▶ _TASK TO CARRY OUT_
An exact reproduction of all the entries below is required.

▶ _RECORD EXTRACTS_
"""
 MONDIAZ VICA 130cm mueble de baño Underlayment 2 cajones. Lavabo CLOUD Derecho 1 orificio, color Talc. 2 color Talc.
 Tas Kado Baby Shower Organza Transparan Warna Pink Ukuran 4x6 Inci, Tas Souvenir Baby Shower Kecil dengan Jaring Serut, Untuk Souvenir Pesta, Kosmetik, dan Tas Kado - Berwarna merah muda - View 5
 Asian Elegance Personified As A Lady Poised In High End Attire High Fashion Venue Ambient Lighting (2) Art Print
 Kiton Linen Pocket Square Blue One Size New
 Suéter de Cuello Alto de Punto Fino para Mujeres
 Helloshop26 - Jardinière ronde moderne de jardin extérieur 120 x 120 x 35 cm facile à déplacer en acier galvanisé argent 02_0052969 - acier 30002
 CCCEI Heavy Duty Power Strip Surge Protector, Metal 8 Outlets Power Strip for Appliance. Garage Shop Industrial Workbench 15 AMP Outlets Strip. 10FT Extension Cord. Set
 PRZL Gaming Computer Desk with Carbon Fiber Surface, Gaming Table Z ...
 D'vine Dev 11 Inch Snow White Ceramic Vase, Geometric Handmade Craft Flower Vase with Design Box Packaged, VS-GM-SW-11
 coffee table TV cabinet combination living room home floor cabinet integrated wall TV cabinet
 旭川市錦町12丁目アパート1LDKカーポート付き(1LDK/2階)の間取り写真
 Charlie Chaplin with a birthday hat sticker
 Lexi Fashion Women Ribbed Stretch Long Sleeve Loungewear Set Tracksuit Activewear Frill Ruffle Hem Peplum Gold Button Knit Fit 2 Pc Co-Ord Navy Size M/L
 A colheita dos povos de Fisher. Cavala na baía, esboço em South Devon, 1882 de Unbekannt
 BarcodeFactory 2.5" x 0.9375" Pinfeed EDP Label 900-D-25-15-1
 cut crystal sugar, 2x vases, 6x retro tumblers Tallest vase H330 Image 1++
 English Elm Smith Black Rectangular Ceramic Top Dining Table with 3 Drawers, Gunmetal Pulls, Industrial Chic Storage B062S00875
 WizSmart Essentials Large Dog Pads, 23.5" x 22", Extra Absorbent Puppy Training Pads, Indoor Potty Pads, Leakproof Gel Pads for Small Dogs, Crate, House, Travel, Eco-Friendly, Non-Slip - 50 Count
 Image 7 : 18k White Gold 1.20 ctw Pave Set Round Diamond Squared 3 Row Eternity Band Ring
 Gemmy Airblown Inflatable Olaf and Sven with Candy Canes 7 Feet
"""
▶ _RESULT OF THE TASK_
 MONDIAZ VICA 130cm mueble de baño Underlayment 2 cajones. Lavabo CLOUD Derecho 1 orificio, color Talc. 2 color Talc.
 Tas Kado Baby Shower Organza Transparan Warna Pink Ukuran 4x6 Inci, Tas Souvenir Baby Shower Kecil dengan Jaring Serut, Untuk Souvenir Pesta, Kosmetik, dan Tas Kado - Berwarna merah muda - View 5
 Asian Elegance Personified As A Lady Poised In High End Attire High Fashion Venue Ambient Lighting (2) Art Print
 Kiton Linen Pocket Square Blue One Size New
 Suéter de Cuello Alto de Punto Fino para Mujeres
 Helloshop26 - Jardinière ronde moderne de jardin extérieur 120 x 120 x 35 cm facile à déplacer en acier galvanisé argent 02_0052969 - acier 30002
 CCCEI Heavy Duty Power Strip Surge Protector, Metal 8 Outlets Power Strip for Appliance. Garage Shop Industrial Workbench 15 AMP Outlets Strip. 10FT Extension Cord. Set
 PRZL Gaming Computer Desk with Carbon Fiber Surface, Gaming Table Z ...
 D'vine Dev 11 Inch Snow White Ceramic Vase, Geometric Handmade Craft Flower Vase with Design Box Packaged, VS-GM-SW-11
 coffee table TV cabinet combination living room home floor cabinet integrated wall TV cabinet
 旭川市錦町12丁目アパート1LDKカーポート付き(1LDK/2階)の間取り写真
 Charlie Chaplin with a birthday hat sticker
 Lexi Fashion Women Ribbed Stretch Long Sleeve Loungewear Set Tracksuit Activewear Frill Ruffle Hem Peplum Gold Button Knit Fit 2 Pc Co-Ord Navy Size M/L
 A colheita dos povos de Fisher. Cavala na baía, esboço em South Devon, 1882 de Unbekannt
 BarcodeFactory 2.5" x 0.9375" Pinfeed EDP Label 900-D-25-15-1
 cut crystal sugar, 2x vases, 6x retro tumblers Tallest vase H330 Image 1++
 English Elm Smith Black Rectangular Ceramic Top Dining Table with 3 Drawers, Gunmetal Pulls, Industrial Chic Storage B062S00875
 WizSmart Essentials Large Dog Pads, 23.5" x 22", Extra Absorbent Puppy Training Pads, Indoor Potty Pads, Leakproof Gel Pads for Small Dogs, Crate, House, Travel, Eco-Friendly, Non-Slip - 50 Count
 Image 7 : 18k White Gold 1.20 ctw Pave Set Round Diamond Squared 3 Row Eternity Band Ring
 Gemmy Airblown Inflatable Olaf and Sven with Candy Canes 7 Feet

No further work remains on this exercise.